The Coates Brothers - Remuera, Auckland Memorial



Randolph E. O. C. Coates and Eric A. Coates were the only two sons of Oswald and Valerie Coates who also had three daughters.  Both brothers had been born in Australia and had come to New Zealand at an early age in 1896 both boys were educated at Wanganui College.  On the 16 October 1914 they simultaneously embarked from New Zealand with the Main Body, Eric from Wellington and Randolph from Auckland.   I imagine this would have been a proud yet sad day for their family.

Both served at Gallipoli where Randolph was sent back to Egypt when he contracted influenza whilst embarking for Egypt he was injured by shrapnel.  Later his name appeared in dispatches mentioning his 'devotion to duty'.  He was also offered a commission in an English Regiment but turned it down preferring to stay with his fellow New Zealanders and shortly after he was offered a commission with the NZ Infantry.  He also passed the examinations for the Royal Flying Corp but was refused the transfer.  He ended up on the Western Front where he died of wounds received on the first day of the Flanders Campaign at the Battle of Messines on the 7th June 1917.j




Eric never left the Middle East serving at Gallipoli, Sinai and then Palestine.  Despite surviving Eric died in New Zealand from Pneumonia on the 14 November 1918 only 3 days after the Armistice he was buried at Purewa Cemetery in Auckland and on his headstone his brother Randolph is remembered with him.

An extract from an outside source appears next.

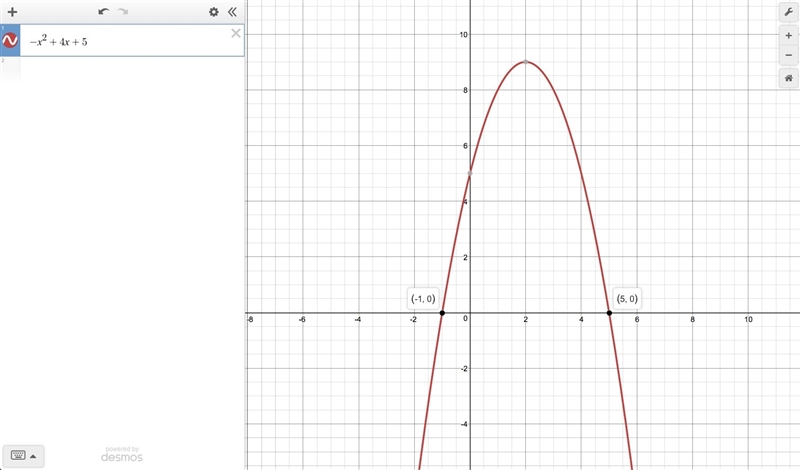 Determine the interval(s) at which f(x) is concave up given that f′′(x)=−x2+4x+5.-example-1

Colonist, Volume LX, Issue 14639, 18 February 1918, Page 4 paperspast.natlib.govt.nz

For Oswald and Valerie Coates it would have been small comfort to visit Purewa Cemetery in Auckland a place they could visit and remember their sons.  So many New Zealand families were never able to visited their sons final resting place far away on the other side of the world.   Memorials erected after the war became surrogate graves taking the place of an individual headstone.  The memorial was a place for those left behind to remember a loved one lost.